La plus grande organisation féministe est le Gerakan Wanita Indonesia (Gerwani), Mouvement des femmes indonésiennes, fondée en 1950 sous les auspices du PKI (Parti communiste d'Indonésie) l'un des plus puissants PC du monde. Elle est active dans la défense des droits des femmes. Elle participe ainsi à la vie politique afin de représenter les femmes. Elle comptait plus de 650 000 membres en 1957. 

En 1965 a lieu le coup d’État fasciste du général Suharto, initié et soutenu par l'Exécutif des États-Unis et avec la complicité active de la CIA. le Gerwani est interdit. Nombre de ses membres sont violées et tuées. Les militantes de Gerwani qui ne sont pas massacrées sont fréquemment violées dans les camps et les prisons. La violence sexuelle contre les femmes était systématique et courante.

Entre un à deux millions d'Indonésien.ne.s sont exterminé.e.s : communistes, progressistes, syndicalistes et féministes. Un des pires massacres de masse du XXe siècle occulté par les médias du capital et inconnu du "grand public" : faites  le test autour de vous. Il faut dire que les pays occidentaux exultent : les Pays-Bas et le Royaume-Uni, anciennes puissances coloniales de la région, de même que l'Australie, se félicitent de la situation, de même que les États-Unis évidemment. L'ambassadeur américain, Marshall Green, ne cache pas son enthousiasme dans les messages qu'il envoie à Washington. Certains médias occidentaux se réjouissent également ouvertement des évènements : Time salue l'élimination des communistes indonésiens comme la meilleure nouvelle que l'Occident ait reçu d'Asie depuis des années ("the West's best news for years in Asia"). Robert Kennedy est à l'époque l'une des rares personnalités à exprimer son indignation devant l'horreur des évènements en Indonésie.

Cependant, à l’époque du "Nouvel Ordre", sous le régime de Suharto (1967-1998), les mouvements féministes sont violemment réprimés, éradiqués, le rôle de femmes est explicitement limité à la sphère domestique et l'égalité entre hommes et femmes est considéré comme une revendication communiste et subversive. Les femmes qui tentent de s'exprimer dans la sphère publique sont considérées comme Gerwani, donc communistes et en subissent les terribles conséquences à savoir prison, viol, assassinat...

De 1965 à la chute de la dictature en 1998, les femmes sont interdites d'espace public aussi toute mobilisation de femmes prend un caractère féministe.
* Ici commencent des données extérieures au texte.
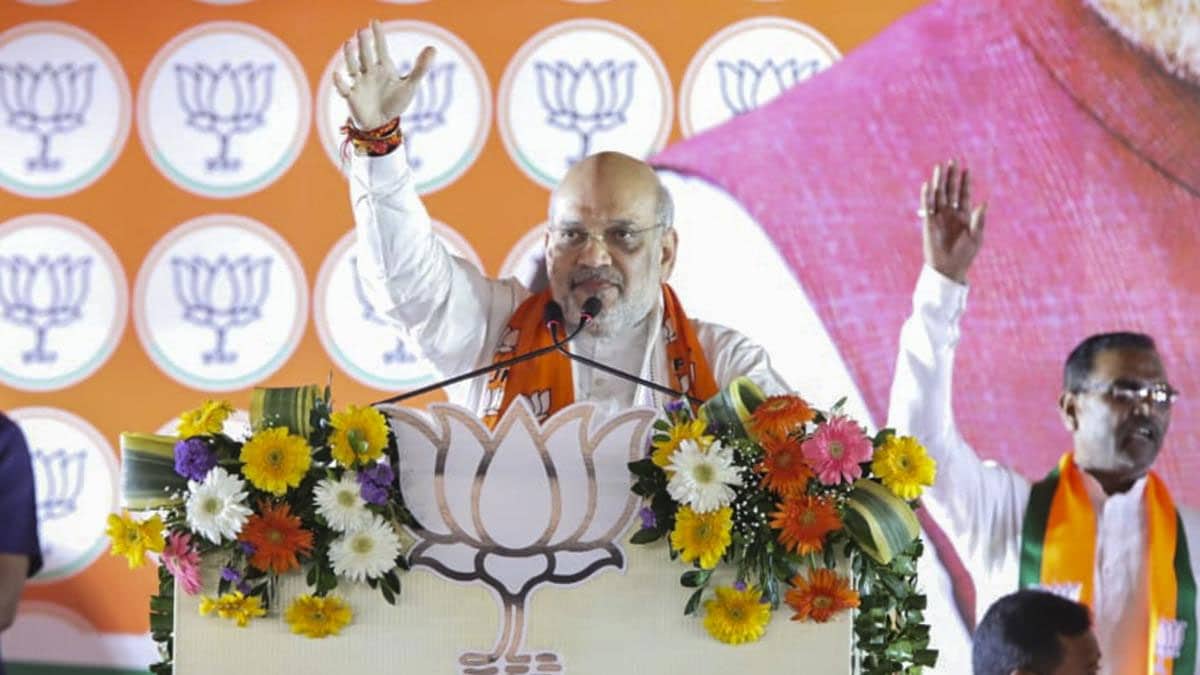 Amit Shah's promise in Jharkhand: If "infiltrator" marries a tribal, he will not get land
Ainsi le combat contre une cimenterie appartenant à une multinationale allemande, HeidelbergCement, a mêlé la question de la terre et celle du genre. Les femmes de la campagne qui menaient cette lutte ont organisé une manifestation à Djakarta et ont reçu un soutien massif de la population. Cette lutte combinait des questions sociales et de représentation de la femme dans la société indonésienne.

Des luttes ouvrières se sont également développées autour du droit social et du droit des femmes. Un de ces combats exemplaires fut mené par une ouvrière qui a revendiqué son homosexualité pour lutter contre les violences sexuelles en entreprise (H&M, Zara...) et qui a également organisé les domestiques liant là encore les questions sociales, la situation des LGBT+ et les questions migratoires.

On voit donc que les Empreintes rouges* sont toujours visibles en Indonésie et que les luttes font vivre cette mémoire, ce souvenir du Gerwani en reconstituant, dans les luttes sociales et de genre, le mouvement féministe. 

Voilà un exemple d'intersectionnalité concrète, cette intersectionnalité qui suscite l'hostilité obtuse des  réactionnaires.

 

Antoine Manessis.

 

* Nous empruntons ce titre au livre Empreintes rouges. Nouvelles perspectives pour l'histoire du communisme français. Ouvrage collectif sous la direction de Dimitri Manessis et  Guillaume Roubaud-Quashie. (Presse Universitaires de Rennes).